Jodi Sh. Doff: I don’t agree at all about the sexuality - it’s not like Catholics are all, Go ahead kids, screw around, it’s fun! I grew in Levittown, surrounded by Italian & Irish retired cops and fireman. We were one of the few Jewish families, although culturally only with no religious practices. I’d hear “The only way to stop a Jewish woman from fucking is marry her,” but I heard it from my own father. I felt like that was permission to screw around, although I’m sure that wasn’t his intention! Still, my house was the opposite of what you experienced. My parents were political activists, very open, free your mind kind of liberal Long Island Jews. My mother wanted me to enjoy my body and my sexuality. She was light years ahead of the curve on that one and while she hated the topless bars, Judaism was never the issue.

LS: I grew up in a fundamentalist Conservative Jewish home. In terms of ritualism and repression we had more in common with Catholics — or Jehovah’s Witnesses — than with the Reform Jews I knew in Great Neck. My father conducted Shabbat dinner every Friday night, made us go to synagogue every Saturday, and Hebrew school on Sundays. We kept kosher. I hated it ALL. At the age of six, I was already an atheist — I’d been told that women were second class citizens.

When I was 13, I had a Bat Mitzvah, after which I announced, “The rabbi says I’m an adult now; you can’t make me go to services anymore.” The only time I ever entered a synagogue after that, I was 15, sneaking in with my (recovering-Catholic) boyfriend. The ladies’ room on the main floor had this amazing lounge with sofas, mirrors on the ceiling. An ideal place for wayward teenagers to have sex. Come to think of it, it looked a lot like a champagne room!

JP: I think this issue is largely about how we see ourselves, and how much of that self-image is rooted in Judaism and/or Jewish culture. For instance, the first month of stripping for me was a complete revelation, because I was suddenly someone I’d never been before. I’ve always been kind of goofy — I love to laugh, I’m really friendly, I’m always the one who kills the joke by repeating it for hours. In short, I’m no seductress. So to see myself as objectively sexy — to the point that someone would pay me for it — was so shocking and awesome that I would say it was moderately addictive. But it did break from the values with which I was raised, values that — while not expressly religious — are very much associated with Jewish culture. By drawing lines between my value system and my culture’s value system, I was deviating from expectations, and that made me feel like I was somehow letting down the tribe.

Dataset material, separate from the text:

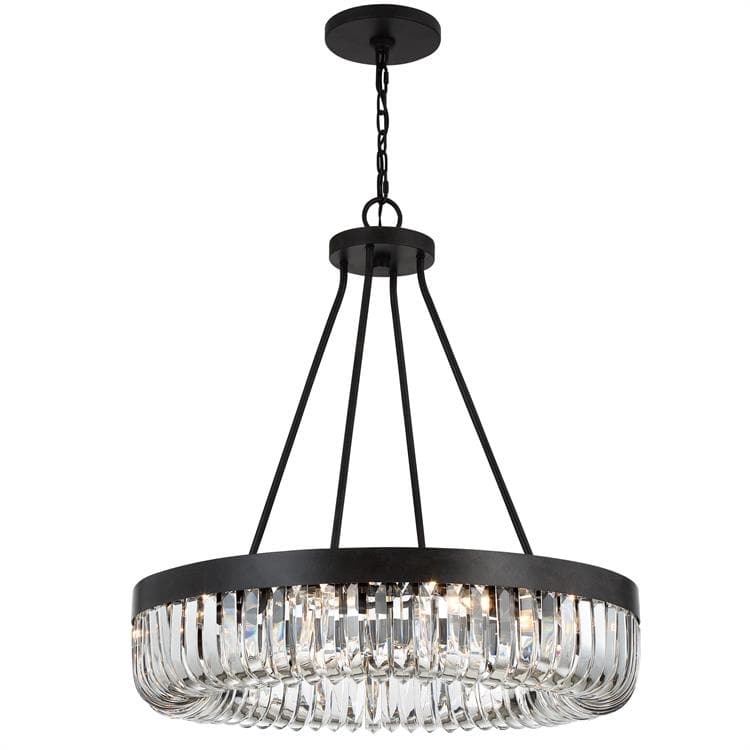 Alister 10 Light Charcoal Bronze Chandelier - 28'' W x 30'' H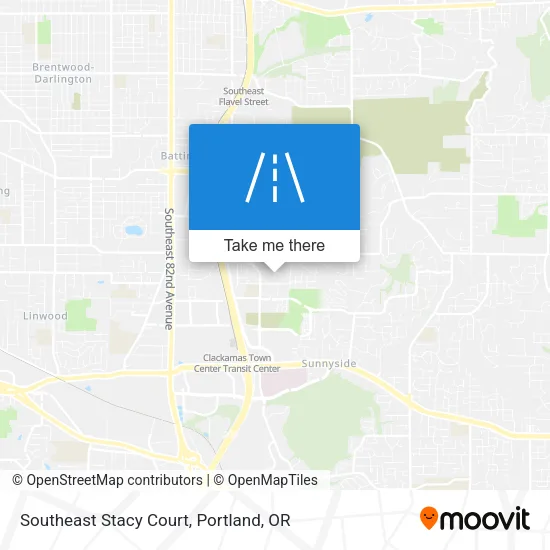 Southeast Stacy Court map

JshD: When I was a kid I was hot for the JDL, so sexy in their paramilitary garb. And I conveniently identified when I’d hear there were no Jewish alcoholics, because we only drank on happy occasions. I was one happy Jew for a long, long, long time, but in-between, when I was working, Judaism never really influenced my actions or decisions that I’m aware of.

LS: It definitely had a big impact on my sexuality. I got pushed so hard in one direction, I exploded in the other. I reveled in being an outlaw slut. At the same time, I never admitted to anyone in the clubs that I was Jewish.

If you’ve been around Jews, you can tell I have Ashkenazi features. But when customers asked, I said I was Irish-American. This is a direct result of the completely schizophrenic way I was raised. My father’s religiosity reigned supreme in our household — I got my ass beat when I broke those rules. But then he’d take us on Navy bases — or anywhere outside of NY — and warn, “Don’t tell anyone you’re Jewish.” He saw anti-Semites hiding behind every bush.

I didn’t know if people would treat me differently if they knew, and in any case I’d left the flock. I had serious issues with my ethnicity-that-was-a-religion-that-was-an-ethnicity.

JshD: I’ve never denied being a Jew. I mean you get those idiots that have that “nice Jewish girl” image, but from what I’ve found, it’s mostly the Jewish men that have that. I worked for two different Jewish bar owners. Myron was harder on me than on the other girls - he had an element of hypocritical disdain towards me, a Jewish girl doing that work. Paul, however, treated me like an uncle–albeit an incestuous uncle–giving me extra privileges so I didn’t have to do what the “goyim” did for money. The Gentiles on the other hand, they’re all hot to get a Jewish girl. Wiseguys and mobsters were turned on by the fact that I was a Jewess, and so it was a big turn on for me. Why not, it’s where my curves came from!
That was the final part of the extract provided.